Nowadays, it seems that everything requires you to be logged in. Chatting with friends, changing your watch face, and even ordering a submarine sandwich are more convenient than ever through online portals, but you won't get very far without an account to manage the information those sites contain. And with all those accounts comes a massive library of passwords to manage. It's absolutely understandable that there might be too many to remember, but that doesn't mean you should resort to strategies like using a single multi-use password or keeping all your passwords written in a book. Password management programs come with a huge variety of benefits that will keep you and your data safe.
Aside from the main benefit of storing your passwords in an encrypted database, there are several other features that are relatively standard for password managers. Oftentimes, password managers have a companion mobile app and a downloadable browser plugin, allowing you access to your passwords from any device, and allowing you to paste your stored passwords directly into login forms. Additionally, you can organize your passwords into folders, share passwords with trusted individuals, and be notified if a password is ever discovered in a data breach.
Most password managers work by storing your information on a highly encrypted remote server with only a single method of decryption: your master password. The master password is a single, complex password that serves as the key to all of your passwords, so it's essential that it is long, complex, and difficult to guess. This serves as a convenient way to only have to remember one password while also keeping all of your saved passwords secure and unique.
When you save your passwords on your browser, what you're really doing is storing those passwords locally on your hard drive. Even if they are stored in an encrypted format on your hard drive, being logged in to your browser means those passwords are likely resting in an unencrypted state during that browsing session. In addition to the danger of physical access to the machine by an unauthorized user, any malware that is running in the background could also find your local password vault and transmit it unprotected to a bad actor.

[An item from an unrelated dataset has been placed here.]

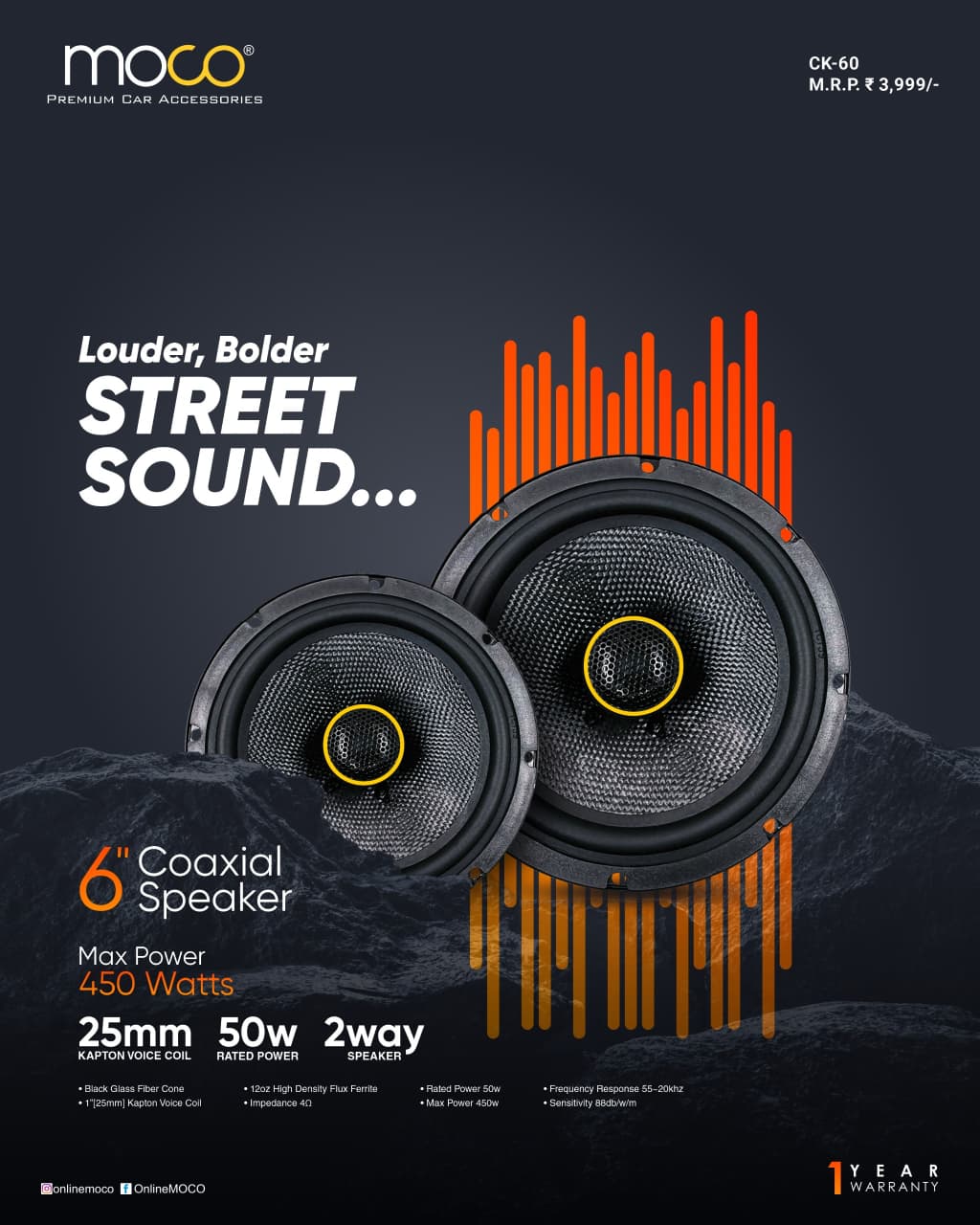 MOCO CK-60 · 6" Coaxial Speaker (450W)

One great feature of password managers is the ability to delegate access to certain company materials through the encrypted platform. If you've got employees in your purchasing department that need access to certain company accounts, you can allow them to log in to those accounts without knowing what the unencrypted password is, while also preventing someone from merchandising having the same access. As new users enter your organization, they can get specialized access that matches their job requirements, and as users leave the company you can securely remove their access to company passwords.